The results are in for the 2013 KDnuggets survey of “programming/statistics languages being used for analytics / data mining / data science work.” I respond annually and track year-to-year changes. For 2013, the leading vote getters -- R, Python, and SQL – are, along with Tableau for visualization, also my top data science tools. I’d like to think I’m a bellwether, but suspect I’m instead more the dutiful follower.
Much as I’m gratified that R and Python set the analytic pace in the KDnuggets poll, I’m generally skeptical of online surveys for measuring the pulse of a tech population, with self-selected rather than representative response samples the rule. I suspect there’s a fair amount of bias in this year’s votes, the typical KDnuggets engager, like me, pre-disposed towards open source and programming language solutions. Run a similar survey at the SAS Global Forum and you’re likely to see a quite different breakdown. All in all, though, the findings fit my analytics worldview nicely.
One observation buried in the KDnuggets write-up I found particularly intriguing: “We also find a small affinity between R and Python users”. This too affirms my experience of a long involvement with R and a renewed preference for Python. Three years ago, while R was my analytics platform, I wavered between Python and Ruby for data munging/wrangling. I then discovered Numpy, a comprehensive numerical computation library for Python. The most noteworthy benefit of Numpy for me was changing the Python programming paradigm from procedural/scalar to vectorized for data operations. Rather than loops, iterators and list comprehensions, I now could work with vector operators/functions/methods. And classes built on top of Numpy extend its substantial capabilities with structures that provide R dataframe-like functionality. Indeed, much of my Python code now reads like R.
Several Python packages also make it straightforward to interoperate between Python and R. PypeR connects to R within a Python script and allows data to be both pushed and pulled between the two environments. I can also execute R code in Python and thus divide analytics labor. If the computer gods are smiling and you’re able to get the Python package Rpy2 installed, you have even more capabilities. I especially like invoking R functions on Python data.
I still do most of my statistical modeling in R, with its wealth of procedures and outstanding applied guides. There are performance limitations to R, however, that make the execution of certain models on even medium-sized data sets daunting. Python at least partially to the rescue here with its scikit-learn package of statistical learning algorithms. I’m indebted to my colleagues from the Illinois Institute of Technology for their recent encouragement to give the package a second chance.

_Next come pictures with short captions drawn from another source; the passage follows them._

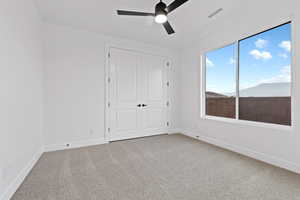 Unfurnished bedroom with light carpet, ceiling fan, and a closet
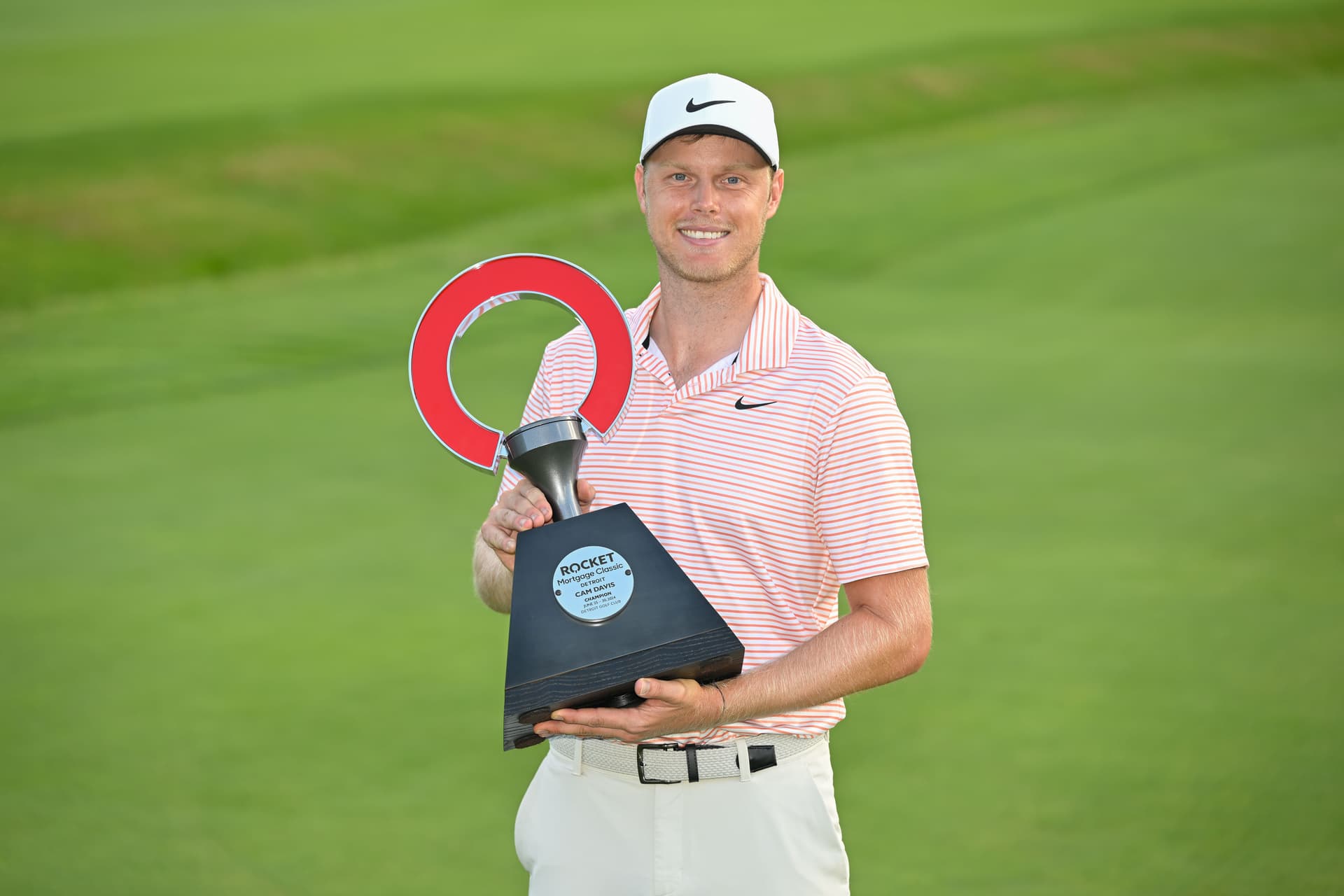Cam Davis of Australia holds the trophy after the final round of the Rocket Mortgage Classic.jpg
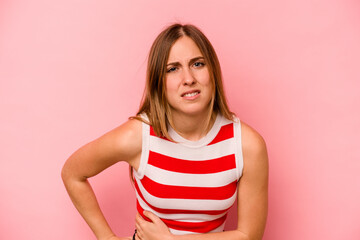 Young caucasian woman isolated on pink background having a liver pain, stomach ache.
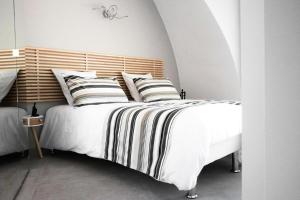 a bedroom with a large white bed with striped pillows at Gîte de France Game of dome - Gîte de France 4 personnes MAE-4601 in Chartrier-Ferrière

So far, I like what I see from scikit-learn. Not surprisingly, it’s less mature than R – no model specification language, for example -- but does show promise. And while I haven’t calibrated relative performance, I suspect that scikit-learn outperforms R in many cases, especially for resource-consuming, re-sampling models. I use the Python versions of gradient boosting and random forests on models of a half million cases without hesitation, while I can’t recall running an equivalent R model on N > 200,000 with impunity.
The capability to interoperate in Python and R lets me temper the frustration of learning a new language. I can build a model in scikit-learn and then push a prediction matrix to R for visualizing with lattice. Once I’m comfortable with the equivalent graphics using Python’s matplotlib, I can easily make the switch back.
I suspect the Python-R collaboration will continue to grow, especially as API’s for big data evolve from Java-MapReduce to more productive languages. Those willing to invest the effort to learn the powerful programming, data management, analytics, visualization and interoperability of R/Python will almost certainly be rewarded.